Exercise details: Locate the line that contains "wooden terrace with" in the entries below, then repeat it and every following line through the line that contains "Modern kitchen with", exactly, and no others.

Provided material:
+++++

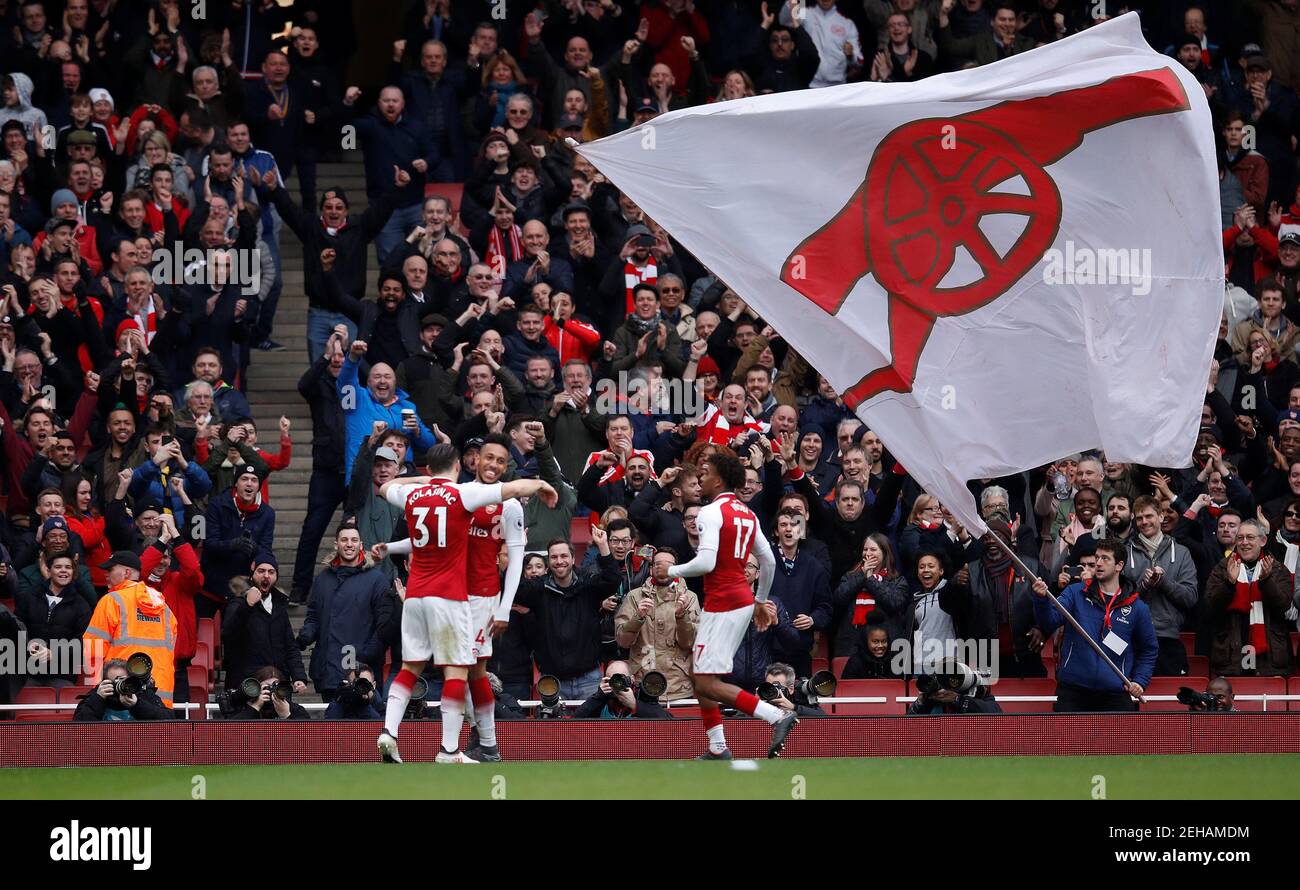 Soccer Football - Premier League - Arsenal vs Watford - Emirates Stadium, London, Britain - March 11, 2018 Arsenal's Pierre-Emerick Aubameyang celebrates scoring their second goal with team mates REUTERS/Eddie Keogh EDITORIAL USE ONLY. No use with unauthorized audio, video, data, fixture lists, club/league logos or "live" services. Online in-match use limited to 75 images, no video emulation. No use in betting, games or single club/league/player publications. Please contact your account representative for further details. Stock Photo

+++++

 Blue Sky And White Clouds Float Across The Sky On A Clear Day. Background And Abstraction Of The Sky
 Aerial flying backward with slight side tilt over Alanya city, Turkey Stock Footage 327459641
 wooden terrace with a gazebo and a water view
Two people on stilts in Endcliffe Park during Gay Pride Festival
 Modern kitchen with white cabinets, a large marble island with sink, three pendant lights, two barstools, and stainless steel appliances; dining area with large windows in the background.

+++++

Final answer:
 wooden terrace with a gazebo and a water view
Two people on stilts in Endcliffe Park during Gay Pride Festival
 Modern kitchen with white cabinets, a large marble island with sink, three pendant lights, two barstools, and stainless steel appliances; dining area with large windows in the background.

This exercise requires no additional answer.